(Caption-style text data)
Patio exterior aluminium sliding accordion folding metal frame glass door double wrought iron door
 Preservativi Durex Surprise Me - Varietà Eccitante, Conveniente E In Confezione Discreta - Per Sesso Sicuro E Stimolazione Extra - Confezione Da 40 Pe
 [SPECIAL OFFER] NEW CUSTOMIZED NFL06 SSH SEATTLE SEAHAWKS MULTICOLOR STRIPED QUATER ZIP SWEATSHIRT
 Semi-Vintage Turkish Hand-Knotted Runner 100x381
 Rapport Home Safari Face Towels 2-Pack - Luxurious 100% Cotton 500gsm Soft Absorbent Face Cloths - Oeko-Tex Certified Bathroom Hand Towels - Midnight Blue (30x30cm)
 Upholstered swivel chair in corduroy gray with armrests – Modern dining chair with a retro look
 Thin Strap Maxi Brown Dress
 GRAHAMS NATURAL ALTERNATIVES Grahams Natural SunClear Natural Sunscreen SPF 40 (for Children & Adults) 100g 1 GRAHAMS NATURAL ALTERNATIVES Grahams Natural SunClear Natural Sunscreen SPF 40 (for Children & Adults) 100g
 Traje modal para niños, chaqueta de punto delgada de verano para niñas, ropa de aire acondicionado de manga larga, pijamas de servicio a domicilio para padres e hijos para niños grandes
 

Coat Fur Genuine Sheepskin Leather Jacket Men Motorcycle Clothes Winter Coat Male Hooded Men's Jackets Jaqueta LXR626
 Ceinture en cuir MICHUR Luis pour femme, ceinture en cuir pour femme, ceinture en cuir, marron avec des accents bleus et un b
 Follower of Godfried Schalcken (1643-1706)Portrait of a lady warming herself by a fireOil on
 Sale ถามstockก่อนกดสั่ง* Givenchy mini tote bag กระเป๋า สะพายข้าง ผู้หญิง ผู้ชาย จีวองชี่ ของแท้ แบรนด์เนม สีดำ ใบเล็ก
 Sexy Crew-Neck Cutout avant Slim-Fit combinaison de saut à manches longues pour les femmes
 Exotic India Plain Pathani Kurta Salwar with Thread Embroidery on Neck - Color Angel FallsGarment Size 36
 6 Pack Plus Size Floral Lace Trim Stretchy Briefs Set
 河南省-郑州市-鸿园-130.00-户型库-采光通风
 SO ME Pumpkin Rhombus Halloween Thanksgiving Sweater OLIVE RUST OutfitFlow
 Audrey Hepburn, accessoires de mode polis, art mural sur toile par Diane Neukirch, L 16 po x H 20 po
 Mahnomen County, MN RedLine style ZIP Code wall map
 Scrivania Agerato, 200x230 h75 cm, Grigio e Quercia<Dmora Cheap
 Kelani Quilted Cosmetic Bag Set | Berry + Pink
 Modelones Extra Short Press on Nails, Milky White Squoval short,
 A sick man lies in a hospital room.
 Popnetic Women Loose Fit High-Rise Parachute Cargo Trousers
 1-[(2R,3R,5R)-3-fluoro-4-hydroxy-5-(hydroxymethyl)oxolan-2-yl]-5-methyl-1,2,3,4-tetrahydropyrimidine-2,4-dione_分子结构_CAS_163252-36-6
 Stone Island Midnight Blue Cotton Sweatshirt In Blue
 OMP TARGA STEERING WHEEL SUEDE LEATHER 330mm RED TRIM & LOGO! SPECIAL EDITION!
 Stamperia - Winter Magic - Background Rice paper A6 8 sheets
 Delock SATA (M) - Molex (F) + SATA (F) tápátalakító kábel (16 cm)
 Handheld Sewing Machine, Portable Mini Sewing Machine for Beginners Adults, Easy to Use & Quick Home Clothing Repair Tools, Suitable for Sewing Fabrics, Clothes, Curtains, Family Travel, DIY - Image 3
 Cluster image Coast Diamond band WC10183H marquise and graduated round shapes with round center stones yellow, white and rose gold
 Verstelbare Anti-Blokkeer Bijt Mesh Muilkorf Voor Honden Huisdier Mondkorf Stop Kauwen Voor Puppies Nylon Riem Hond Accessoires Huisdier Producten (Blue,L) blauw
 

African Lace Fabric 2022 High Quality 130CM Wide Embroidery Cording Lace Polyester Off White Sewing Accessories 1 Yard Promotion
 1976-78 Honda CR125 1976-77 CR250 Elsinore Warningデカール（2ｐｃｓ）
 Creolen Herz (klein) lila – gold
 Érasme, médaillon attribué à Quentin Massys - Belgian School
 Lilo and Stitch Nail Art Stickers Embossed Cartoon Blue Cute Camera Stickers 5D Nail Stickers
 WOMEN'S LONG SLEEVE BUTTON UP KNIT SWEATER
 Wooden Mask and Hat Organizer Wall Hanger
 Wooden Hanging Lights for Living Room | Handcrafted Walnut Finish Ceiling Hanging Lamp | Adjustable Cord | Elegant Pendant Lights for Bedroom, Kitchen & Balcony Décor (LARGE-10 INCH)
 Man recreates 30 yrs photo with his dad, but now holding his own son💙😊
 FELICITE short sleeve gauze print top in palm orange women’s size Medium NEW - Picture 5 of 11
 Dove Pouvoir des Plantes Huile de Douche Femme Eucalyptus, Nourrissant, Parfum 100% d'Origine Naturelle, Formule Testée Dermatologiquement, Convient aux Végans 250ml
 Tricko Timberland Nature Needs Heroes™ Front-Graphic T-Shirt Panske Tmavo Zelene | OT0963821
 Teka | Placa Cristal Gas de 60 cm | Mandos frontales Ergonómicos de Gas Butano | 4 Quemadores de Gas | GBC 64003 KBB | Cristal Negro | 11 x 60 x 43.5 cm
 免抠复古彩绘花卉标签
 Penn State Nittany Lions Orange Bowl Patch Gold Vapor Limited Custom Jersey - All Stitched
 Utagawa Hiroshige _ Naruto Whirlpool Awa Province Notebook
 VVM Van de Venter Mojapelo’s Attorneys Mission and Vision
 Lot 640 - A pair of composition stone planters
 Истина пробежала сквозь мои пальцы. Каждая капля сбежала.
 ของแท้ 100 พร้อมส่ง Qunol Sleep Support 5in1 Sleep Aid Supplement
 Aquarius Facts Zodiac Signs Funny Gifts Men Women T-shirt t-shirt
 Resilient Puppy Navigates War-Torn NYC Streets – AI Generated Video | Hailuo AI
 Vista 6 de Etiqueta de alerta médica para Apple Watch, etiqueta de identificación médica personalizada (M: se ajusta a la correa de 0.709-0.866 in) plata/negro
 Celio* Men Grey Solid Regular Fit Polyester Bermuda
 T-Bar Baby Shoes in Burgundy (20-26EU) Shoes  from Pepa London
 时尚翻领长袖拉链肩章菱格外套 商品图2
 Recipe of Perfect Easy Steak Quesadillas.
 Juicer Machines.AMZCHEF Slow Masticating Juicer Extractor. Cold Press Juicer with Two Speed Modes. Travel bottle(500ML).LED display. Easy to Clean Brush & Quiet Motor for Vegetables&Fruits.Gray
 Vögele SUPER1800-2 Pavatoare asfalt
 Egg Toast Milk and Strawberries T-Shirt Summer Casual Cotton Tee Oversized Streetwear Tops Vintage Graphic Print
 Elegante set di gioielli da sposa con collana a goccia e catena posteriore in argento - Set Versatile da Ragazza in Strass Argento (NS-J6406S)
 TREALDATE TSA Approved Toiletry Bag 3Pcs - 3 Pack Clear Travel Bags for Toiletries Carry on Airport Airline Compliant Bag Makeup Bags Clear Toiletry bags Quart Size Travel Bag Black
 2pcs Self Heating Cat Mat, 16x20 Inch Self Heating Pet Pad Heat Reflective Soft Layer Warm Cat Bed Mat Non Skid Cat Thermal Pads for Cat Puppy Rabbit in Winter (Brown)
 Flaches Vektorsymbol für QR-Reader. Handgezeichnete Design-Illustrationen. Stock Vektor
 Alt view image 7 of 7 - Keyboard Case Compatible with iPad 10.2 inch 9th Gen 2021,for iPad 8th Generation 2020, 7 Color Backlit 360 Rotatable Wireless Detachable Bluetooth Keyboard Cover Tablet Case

● **Your instructions**: How many lines in the records contain the string "Winter"? Give the number by itself.

● **Answer to this exercise**: 3